MARS and BCMARS-W are more stable for small scale among all methods. BCMARS-R is more stable for medium scale data sets.

Table 8 Averages of performance measures with respect to different scale

Full size table

5.4 Evaluation of the computational efficiencies

The elapsed time for each method applied on each data set are recorded on Pentium (R) Dual-Core CPU 2.80 GHz processor and 32-bit operating system Windows ®computer during the runs (Table 9). Depending on the results, following conclusions can be stated:

Run times increases as sample size and scale increases, except MARS.
Bootstrap methods run considerably longer times than MARS and CMARS. Three bootstrap regression methods have almost the same computational efficiencies in small size and small scale data sets. Run times of these methods increase almost ten times as much as the scale increases from small to medium.
BCMARS-R and BCMARS-W have similar better efficiencies in medium size small scale data sets. Their run times increase almost five times as much as the sample size increases in small scale data sets.
BCMARS-F and BCMARS-W have similar better efficiencies for medium size medium scale data sets.

Table 9 Run times (in seconds) of methods with respect to size and scale of data sets

Full size table

5.5 Evaluation of the precision of model parameters

In addition to the accuracy, complexity and stability measures of the models, the CIs using Eq. (17) given in the Appendix and two different standard deviations of the parameters as described in Eq. (18) in the Appendix are calculated after bootstrapping. These values are compared with those obtained from bootstrapping CMARS. For the detailed results, one can refer to Yazıcı (2011). The shorter the lengths of the CIs and the smaller the standard deviations are, the more precise the parameter estimates are. According to the results, following conclusions can be drawn.

In US (small size medium scale) data, CMARS, BCMARS-F and BCMARS-R build the same models. Hence, the precision of their parameters are the same.
For all data sets except US, the lengths of CIs become narrower and standard deviations of the parameters become smaller after bootstrapping CMARS, thus, resulting in more precise parameter estimates.
In general, two different types of standard deviations obtained for all BCMARS methods are smaller than the ones obtained from CMARS.

6 Conclusion and further research

In this study, three different bootstrap methods are applied to a machine learning method, called CMARS, which is an improved version of the backward step of the well-known method MARS. Although CMARS overperforms MARS with respect to several criteria, it constructs models which are at least as complex as MARS (Weber et al. 2012). In this study, it is aimed to reduce the complexity of CMARS models without degrading its performance. To achieve this aim, bootstrapping regression methods, namely fixed-X and random-X resampling, and wild bootstrap, are utilized by adopting an iterative approach to determine whether the parameters statistically contribute to the developed CMARS model or not. The reason of using a computational method here is the lack of prior knowledge regarding the distributions of the model parameters.

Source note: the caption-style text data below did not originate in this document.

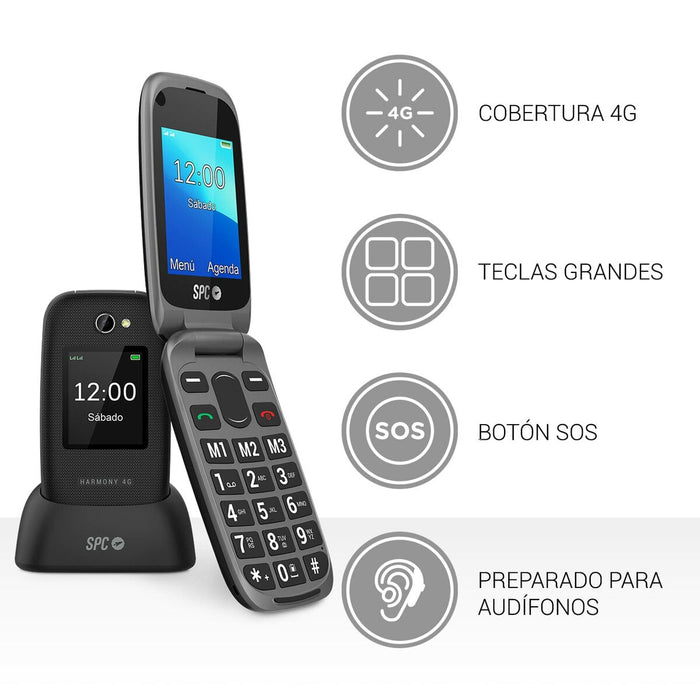 Telefon Mobil SPC 2330N HARMONY 4G Negru 128 MB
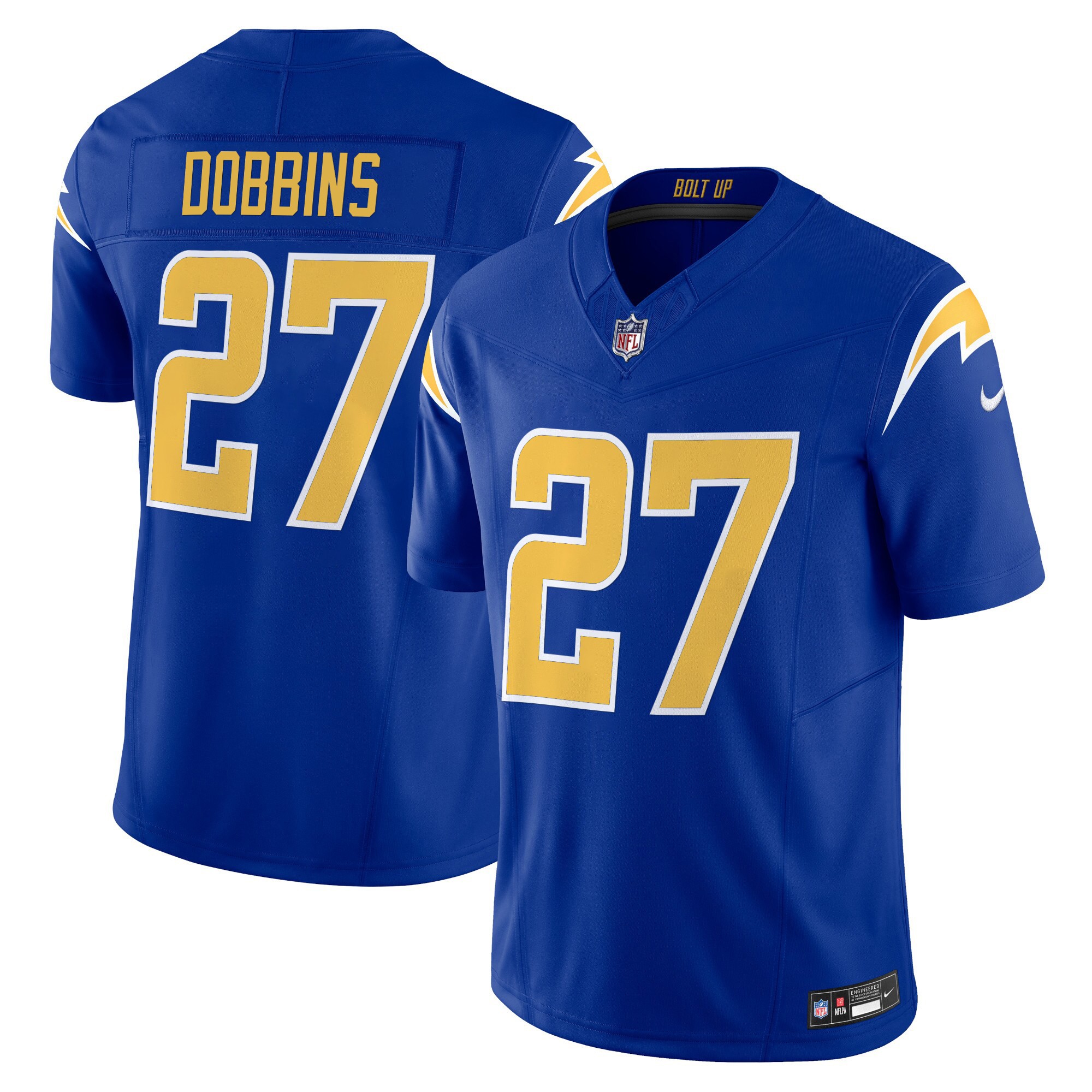 J.K. Dobbins Men's Los Angeles Chargers 2024 Vapor Limited Royal Jersey - All Stitched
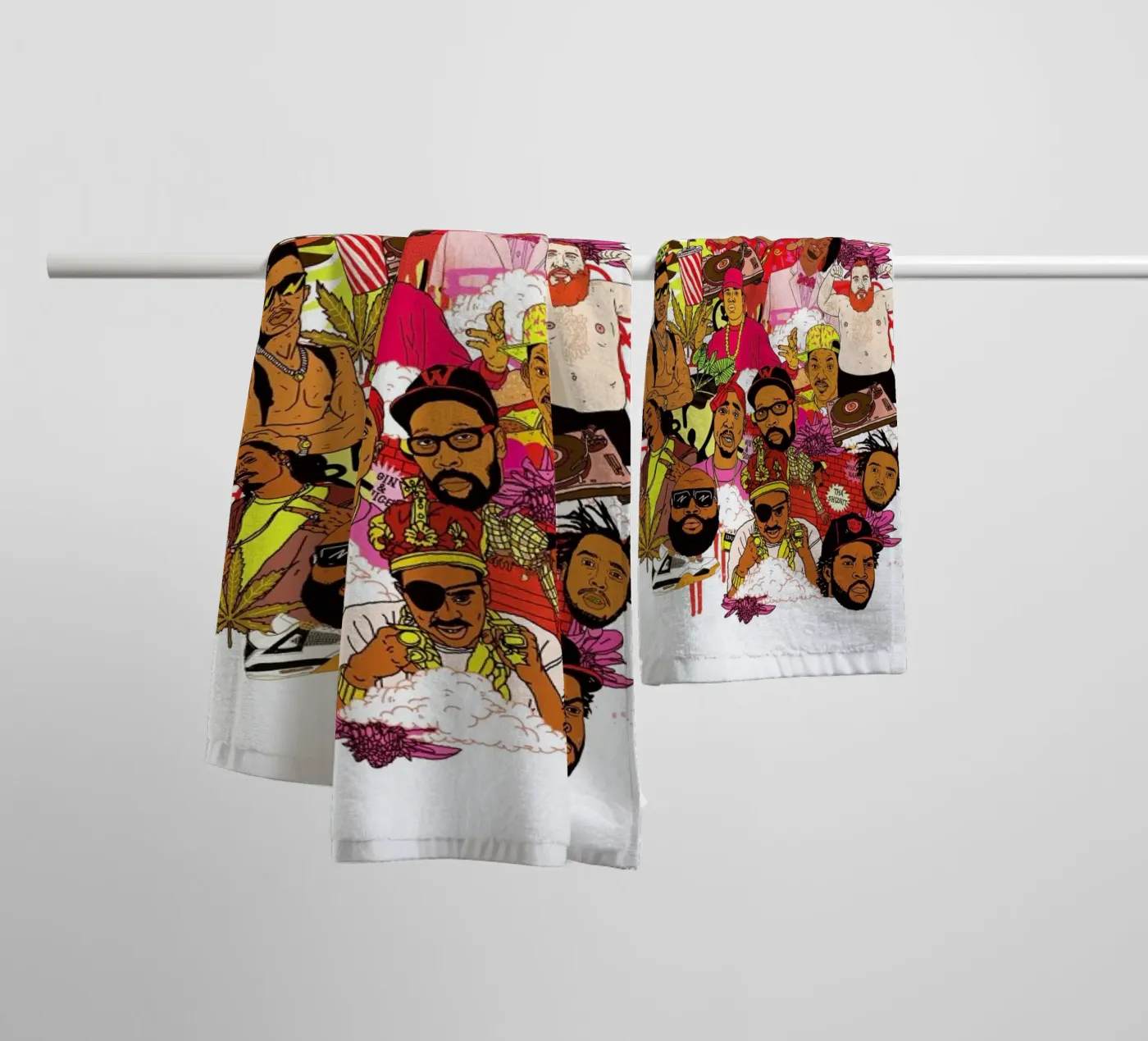 Rap Legends badhanddoek van Nick Cocozza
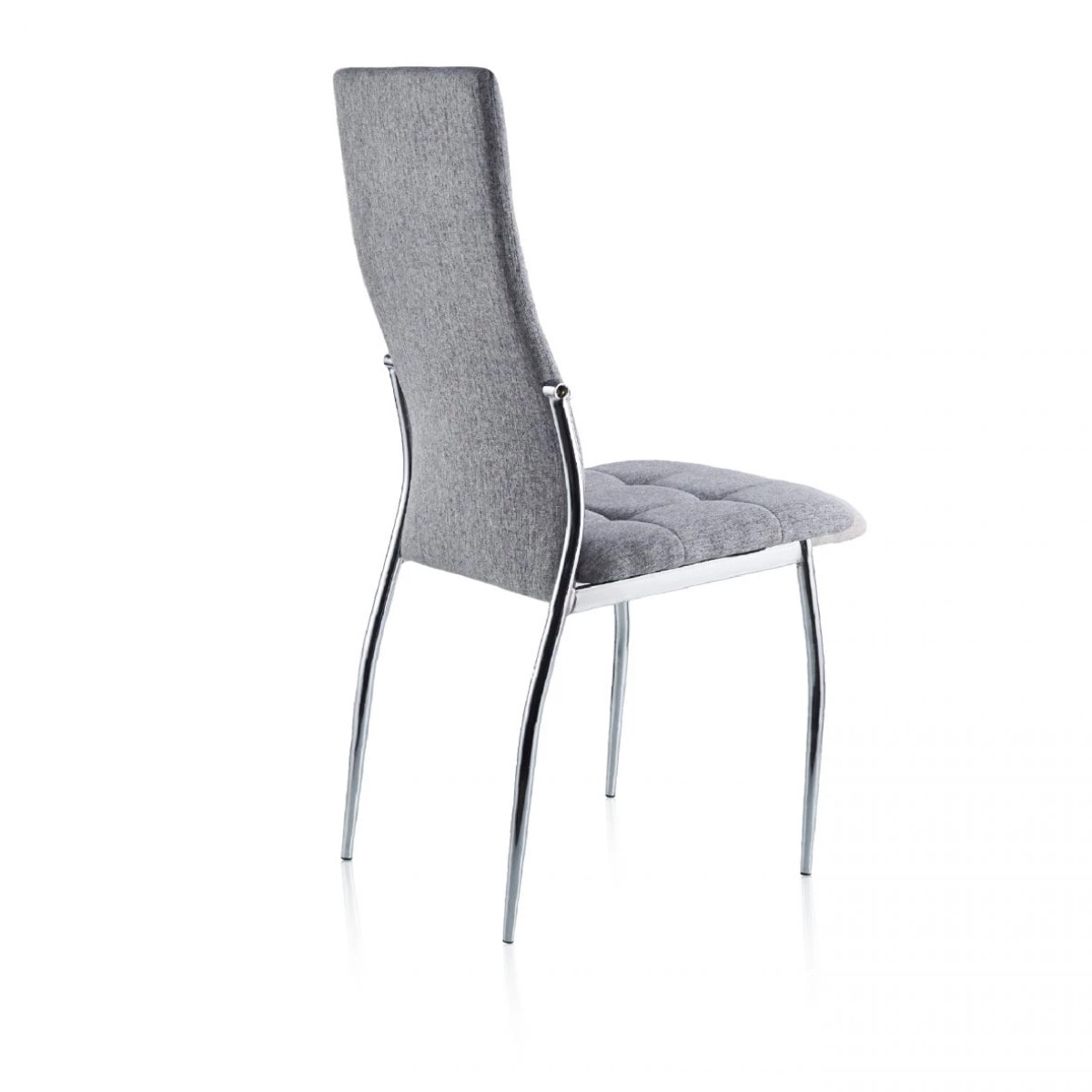 Pack 4 sillas de comedor en tejido gris 57x44 cm Diana Tejido - Gris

The performances of the methods are empirically evaluated and compared with respect to several criteria (e.g. accuracy, complexity, stability, robustness, precision, computational efficiency) by using four data sets which are selected subjectively to represent the small and medium sample size and scale categories. All performance criteria are explained in the Appendix. In addition, to validate all models developed, three-fold CV approach is used.

Depending on the comparisons, particularly for testing data and stability results presented in Sect. 5, one may conclude the followings:

In the overall, BCMARS-R is the best performing method.
Small size (training and testing) data sets produce the best results for all methods; for small and medium size data, BCMARS-W and BCMARS-R overperform the others, respectively.
Medium scale produces the best results for CMARS and BCMARS-R when compared to the others, and BCMARS-R is the better performing one.
Bootstrapping methods give the most precise parameter estimates; however, they are computationally the least efficient.

In short, depending on the above conclusions, it may be suggested that BCMARS-R method leads to more accurate, precise and less complex models, particularly for medium size and medium scale data. Nevertheless, it is the least efficient method among the others for this type of data set in terms of run time.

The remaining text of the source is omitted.